** GIVEN INFORMATION follows **

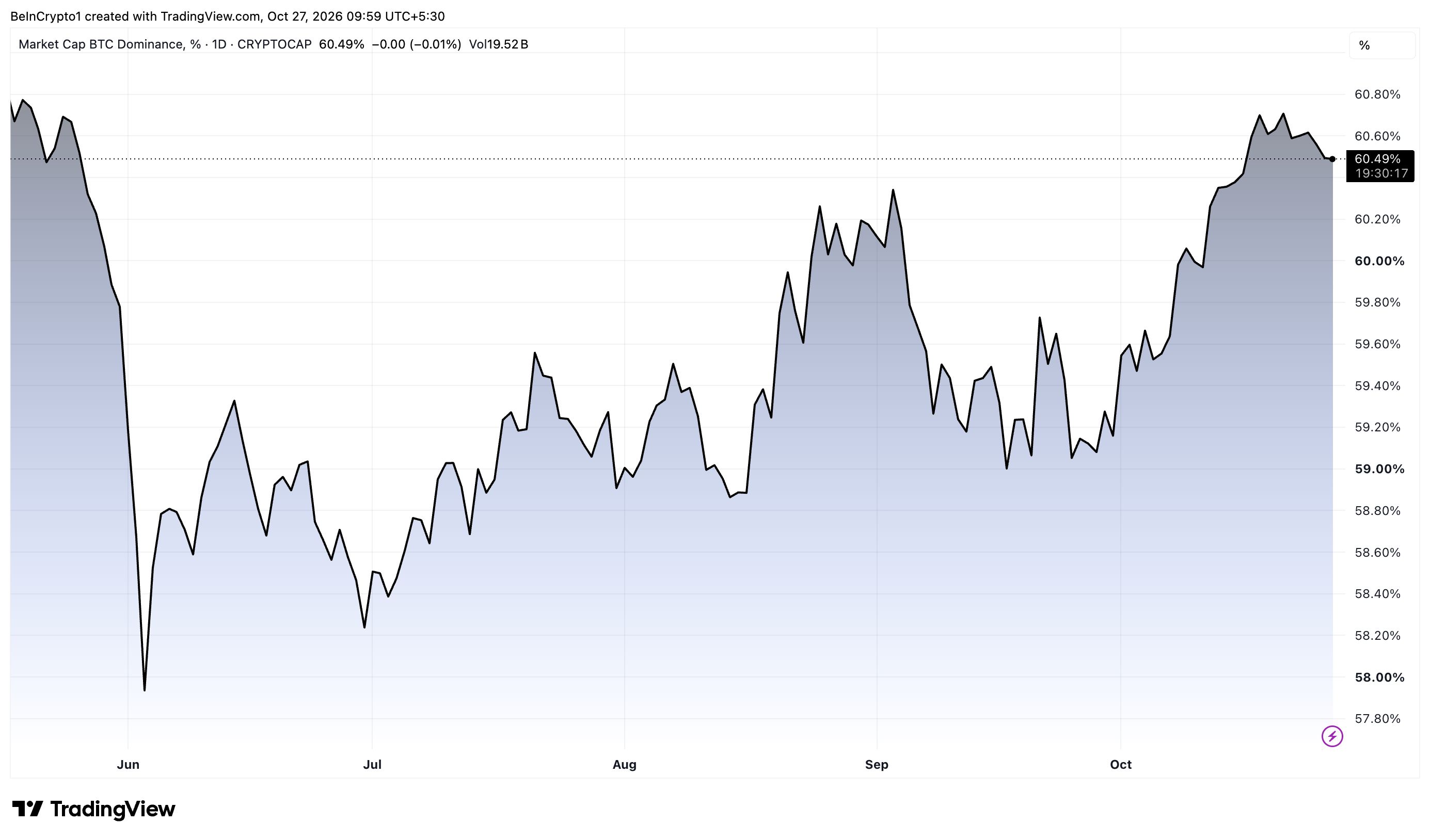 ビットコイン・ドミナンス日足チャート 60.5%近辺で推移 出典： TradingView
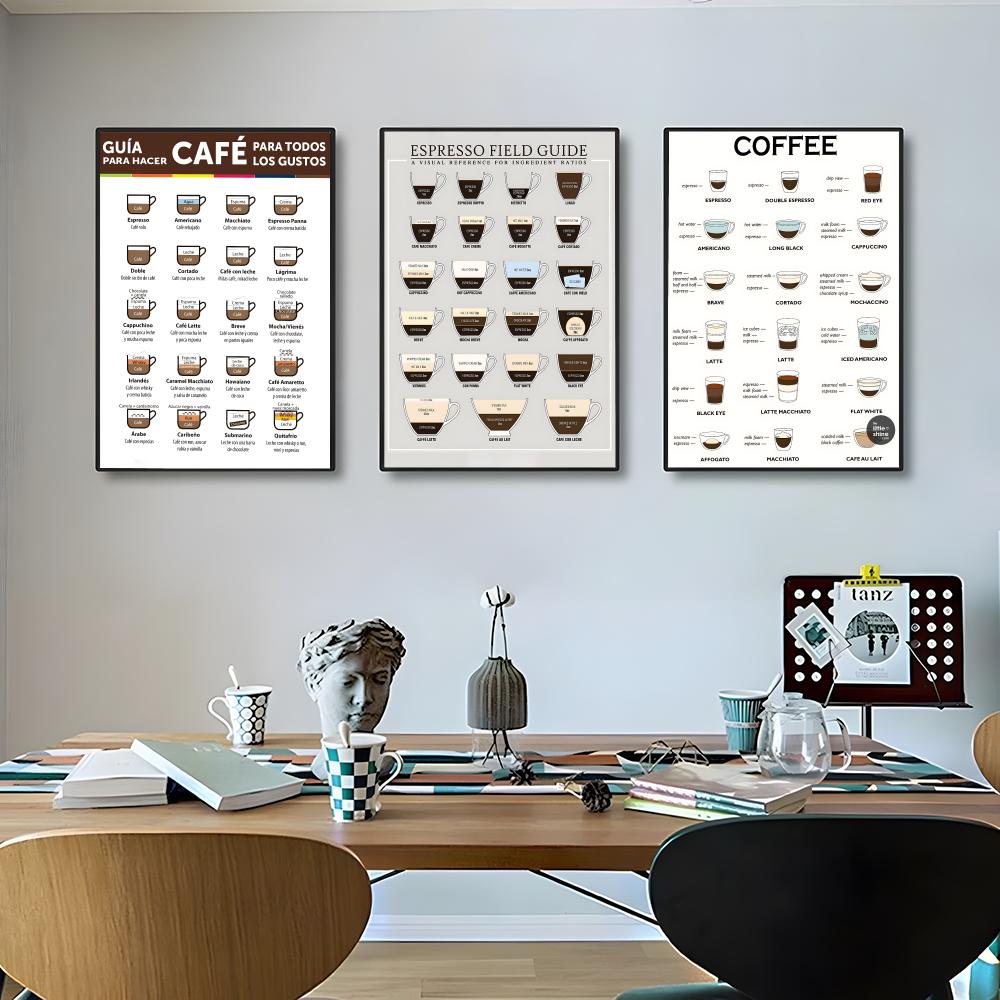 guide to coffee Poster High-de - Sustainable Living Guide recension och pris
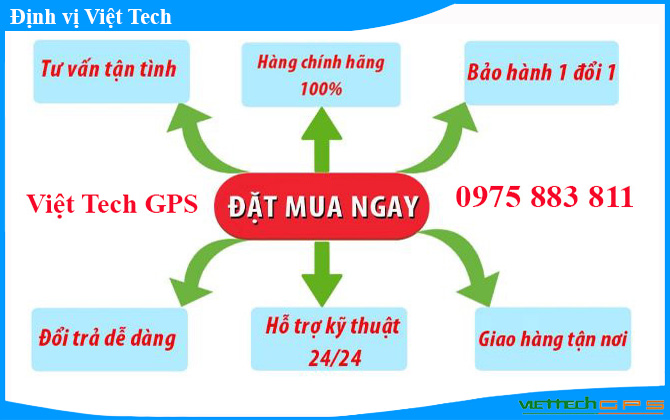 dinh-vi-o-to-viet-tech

** End of GIVEN INFORMATION **

§ ASSIGNMENT:
What is needed is an exact copy of the data, with the pictures removed.

§ THE COMPLETED TASK:
 ビットコイン・ドミナンス日足チャート 60.5%近辺で推移 出典： TradingView
 guide to coffee Poster High-de - Sustainable Living Guide recension och pris
 dinh-vi-o-to-viet-tech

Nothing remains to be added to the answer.